Außerdem lassen sich die Schienen gegen Aufpreis elektrifizieren. So kann über Stromabnehmern in den Sitzen auch auf den hinteren Reihen eine Plug-and-Play-Heizung eingebaut werden. Ziemlich komfortabel. Und variabel ebenfalls.
Wenn Ihnen jetzt noch das Design zusagt, das aus einer Mischung von Bulli-Zitaten, Fußgängerschutz-Vorgaben und Aerodynamik-Notwendigkeiten zusammengesetzt ist, sollten wir über den Preis reden ...
Mindestens 44.839 Euro wollen investiert werden. Für das Basismodell mit 136-PS-Benziner. 49.932 Euro sind dann schon für das 2,0-Liter-Aggregat nötig und wenn Sie den eHybrid wünschen, sollten Sie mit mindestens 57.174 Euro rechnen.
Aber die 43-seitige Preisliste kann noch mehr. Viel mehr. Und so lässt sich neben den höheren Ausstattungslinien "Life" und "Style" auch noch das Launch-Modell namens "Energetic" ordern, dass preislich auf "Style"-Niveau liegt und den PHEV schon mal knapp 67.800 Euro teuer macht.

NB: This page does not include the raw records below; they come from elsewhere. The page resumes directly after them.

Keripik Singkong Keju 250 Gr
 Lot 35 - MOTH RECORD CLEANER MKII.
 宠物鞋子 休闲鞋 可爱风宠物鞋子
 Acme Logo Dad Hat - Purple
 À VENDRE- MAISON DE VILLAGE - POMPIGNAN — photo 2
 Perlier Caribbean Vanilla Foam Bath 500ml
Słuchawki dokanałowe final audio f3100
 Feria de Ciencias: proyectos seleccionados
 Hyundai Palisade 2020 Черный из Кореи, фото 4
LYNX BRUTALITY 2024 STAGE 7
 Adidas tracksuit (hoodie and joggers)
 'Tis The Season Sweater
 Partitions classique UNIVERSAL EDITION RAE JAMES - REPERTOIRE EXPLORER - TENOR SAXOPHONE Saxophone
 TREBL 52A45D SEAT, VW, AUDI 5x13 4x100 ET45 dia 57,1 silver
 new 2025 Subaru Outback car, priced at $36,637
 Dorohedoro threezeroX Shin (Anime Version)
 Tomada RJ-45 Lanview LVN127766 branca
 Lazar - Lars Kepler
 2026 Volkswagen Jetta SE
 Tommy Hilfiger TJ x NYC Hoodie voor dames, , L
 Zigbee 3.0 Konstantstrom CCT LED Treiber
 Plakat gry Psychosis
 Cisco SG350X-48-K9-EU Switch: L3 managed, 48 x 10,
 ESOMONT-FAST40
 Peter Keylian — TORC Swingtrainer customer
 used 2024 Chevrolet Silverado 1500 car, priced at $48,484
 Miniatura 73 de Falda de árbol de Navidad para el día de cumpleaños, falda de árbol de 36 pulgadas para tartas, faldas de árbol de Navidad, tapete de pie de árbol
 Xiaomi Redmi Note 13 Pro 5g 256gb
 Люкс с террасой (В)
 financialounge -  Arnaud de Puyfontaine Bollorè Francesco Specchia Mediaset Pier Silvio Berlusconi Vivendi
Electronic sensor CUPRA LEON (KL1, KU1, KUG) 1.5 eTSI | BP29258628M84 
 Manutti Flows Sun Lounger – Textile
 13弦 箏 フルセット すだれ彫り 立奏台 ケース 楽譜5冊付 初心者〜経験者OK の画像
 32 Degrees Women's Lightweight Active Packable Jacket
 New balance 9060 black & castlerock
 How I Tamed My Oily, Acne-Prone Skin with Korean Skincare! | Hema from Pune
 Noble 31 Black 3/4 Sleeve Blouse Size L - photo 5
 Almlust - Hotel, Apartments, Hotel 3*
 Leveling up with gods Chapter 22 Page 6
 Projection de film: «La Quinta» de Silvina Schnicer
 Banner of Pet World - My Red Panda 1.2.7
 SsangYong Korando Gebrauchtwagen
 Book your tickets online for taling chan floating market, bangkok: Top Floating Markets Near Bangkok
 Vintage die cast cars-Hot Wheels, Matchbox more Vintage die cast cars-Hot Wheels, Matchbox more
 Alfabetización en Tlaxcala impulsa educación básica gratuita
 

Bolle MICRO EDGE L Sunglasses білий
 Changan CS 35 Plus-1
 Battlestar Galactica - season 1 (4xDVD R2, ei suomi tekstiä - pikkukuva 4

Ist das jetzt volle Hütte? Fehlanzeige! Es gibt noch viele Punkte, die sich VW selbst in der höchsten Ausstattungslinie immer noch extra bezahlen lässt. Beispiele wären das Head-up-Display (1.244 Euro), die AGR-Komfort-Sitze vorne (2.844 Euro), der bereits erwähnte Travel Assist (1.232 Euro), das Navigationssystem "Discover Pro" (660 Euro), die elektrischen Schiebetüren (1.297 Euro), das adaptive Fahrwerk (1.357 Euro) oder auch Selbstverständlichkeiten wie die vordere Sitzheizung (470 Euro) sowie ein Multifunktions-Lederlenkrad mit Heizung (154 Euro). 90.000 Euro für einen Multivan? Möglich!
Wenn der VW Sharan stirbt, ist der neue T7 Multivan in Sachen Fahrverhalten sicher ein guter Nachfolger für den Van. Die Benziner und der PHEV-Antrieb passen überraschend gut zu dem großen Fahrzeug und solange Sie nichts ziehen müssen, muss man auch nicht unbedingt auf den 150 PS starken Diesel im kommenden Jahr warten.
Die umfangreiche sowie moderne Ausstattung, die der MQB möglich macht, tun dem Multivan ebenfalls gut. Der Preis ist allerdings eine Hausnummer und wenn Sie diesen nicht zahlen, auf den neuesten Komfort-Schnickschnack verzichten und authentischeres Nfz-Bulli-Feeling haben möchten, dann gibt es ja immer noch den T6.1 Caravelle.